Even if blame is justified it may not be wise, as it may result in people being less forthcoming during future investigations and make it harder for us to find out what happened. Of course, if someone makes repeated errors, more than a normal person would make, or shows that he is incapable of understanding what he is required to do, or is unwilling to do it, then he may have to be moved.

Sometimes people are blamed because those in charge wish to deflect criticism from themselves on to a scapegoat. People may be blamed for a momentary slip or lapse of attention because a manager, perhaps unconsciously, wishes to divert attention from his own failure to provide a safe plant or system of work. In my experience, managers in the process industries, at least in the larger companies, do not often do this. After an accident they are usually willing to stand in a white sheet and admit that they might have done more to prevent it.

The same is not true for all industries. In 1976 a mid-air collision in Yugoslavia killed 176 people. The air traffic controllers were overworked and the control equipment was poor. One controller went to look for his relief, who was late, leaving his assistant alone for eight minutes. The assistant made a slip which led to the accident. All the controllers on duty were arrested, eight were tried and the overworked assis-tant was sentenced to seven years’ imprisonment. Following widespread protests he was released after two years.

Many years ago, when I was a manager, not a safety adviser, I looked through a bunch of accident reports and realised that most of the accidents could be prevented by better management – sometimes by better design or method of working, sometimes by better training or instructions, sometimes by better enforcement of the instructions.

Together these may be called changing the work situation. There was, of course, an element of human failing in the accidents. They would not have occurred if someone had not forgotten to close a valve, looked where he was going, not taken a short-cut. But what chance do we have, without management action of some sort, of persuading people not to do these things?

Designing for safety

Everybody makes mistakes or slips and has lapses of attention from time to time and sometimes they result in accidents. Plants should be designed and operated so that these foreseeable errors do not result in accidents.

Designers make errors for all the reasons that other people make errors: a lapse of attention, ignorance, lack of ability, a deliberate decision not to follow a code. As already mentioned, unlike operators they usually have time to check their work, so slips and lapses of attention are frequently detected before the design is complete. Just as we try to prevent some accidents by changing the work situation, so we should try to prevent other accidents by changing the design situation – that is, we should try to find ways of changing the design process so as to produce better designs.

Surveys have shown that most safety advisers are now familiar with the concept of inherently safer design – avoiding hazards rather than controlling them with protective equipment or procedures. While most designers are aware of the concept they have a poor understanding of its scope and benefits. Most senior managers are unaware. Inherently safer designs require a major change in the design process, more time to consider alternatives in the early stages of design, and therefore they will not become widespread until senior managers become more aware and actively encourage their use.

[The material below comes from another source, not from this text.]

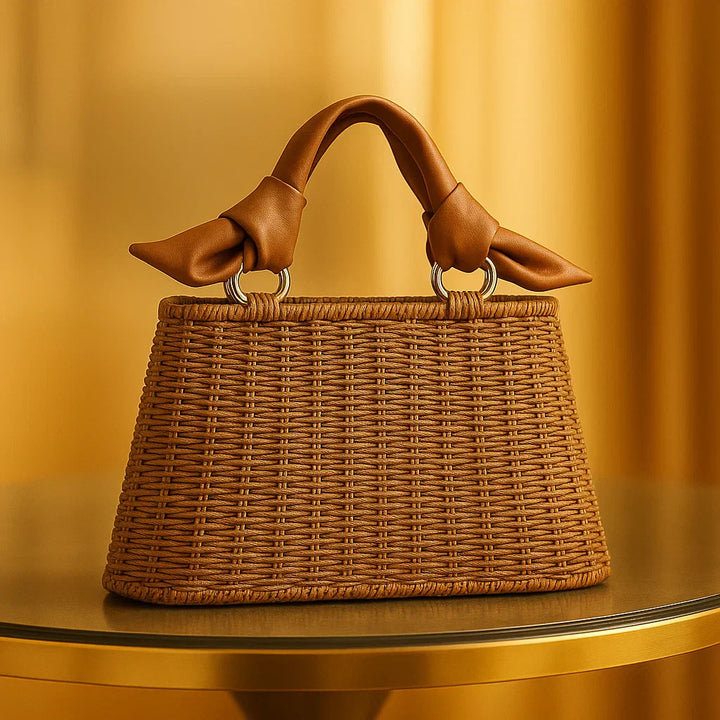 Morgan | Women’s straw handbag with drawstring interior and knotted handle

To achieve inherently safer designs we need to consider alternatives systematically during the early stages of design. Very often safety studies do not take place until late in design when all we can do is control hazards by adding-on additional protective equipment or procedures. Such a change will not come about unless senior managers actively encourage it.

The same applies to safety management systems and specific procedures such as those for controlling modifications and preparing equipment for maintenance.

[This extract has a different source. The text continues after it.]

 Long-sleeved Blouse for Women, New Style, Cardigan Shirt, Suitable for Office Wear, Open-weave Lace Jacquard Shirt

There has been an explosion of interest in safety management systems in recent years and no topic is more popular at conferences. Some recent incidents have left me with an uneasy feeling that some managers believe that a good safety management system is all they need for safe performance. All it can do, however, is ensure that people’s knowledge and experience are applied systematically and thus reduce the chance that something is missed. If the staff lack knowledge and experience then the system is an empty shell. People will go through the motions but the output will be poor. This is a particular danger at the present time when companies are reducing manning and the over-fifties are looked upon as expenses to be eliminated rather than assets in which thirty years’ salary has been invested. Senior managers should systematically assess the levels of knowledge and experience needed and ensure that they are maintained.

Psychologists (and others) often say that we have reached the limit of what can be done by changes in design to make plants safer and we now need to concentrate on changing behaviour. This is not true. The best companies may be near the limit of what can be done by adding on protective equipment but the potentialities of inherently safer designs have still to be grasped.

The Sellafield leak

A cause célèbre in 1984 was a leak of radioactive material into the sea from the BNFL plant at Sellafield. It was the subject of two official reports which agreed that the discharge was due to an operating error, though it is not entirely clear whether the error was due to a lack of communication between shifts, poor training or wrong judgement. However, both official reports failed to point out that the leak was the result of a simple design error, that would have been detected by a hazard and operability study, if one had been carried out.

As a result of an operating error some material which was not suitable for discharge to sea was moved to the sea tanks (see Figure). This should not have mattered as BNFL thought they had “second chance” design, the ability to pump material back from the sea tanks to the plant. The return line was 2 inches diameter, the sea line was 10 inches diameter. Solids settled out in the part of the sea line used for the return flow, as the linear flow rate was low, and were later washed out to sea. The design looks as if it might have been the result of a modification. Whether it was or not, it is the sort of design error that would be picked up by a hazard and operability study.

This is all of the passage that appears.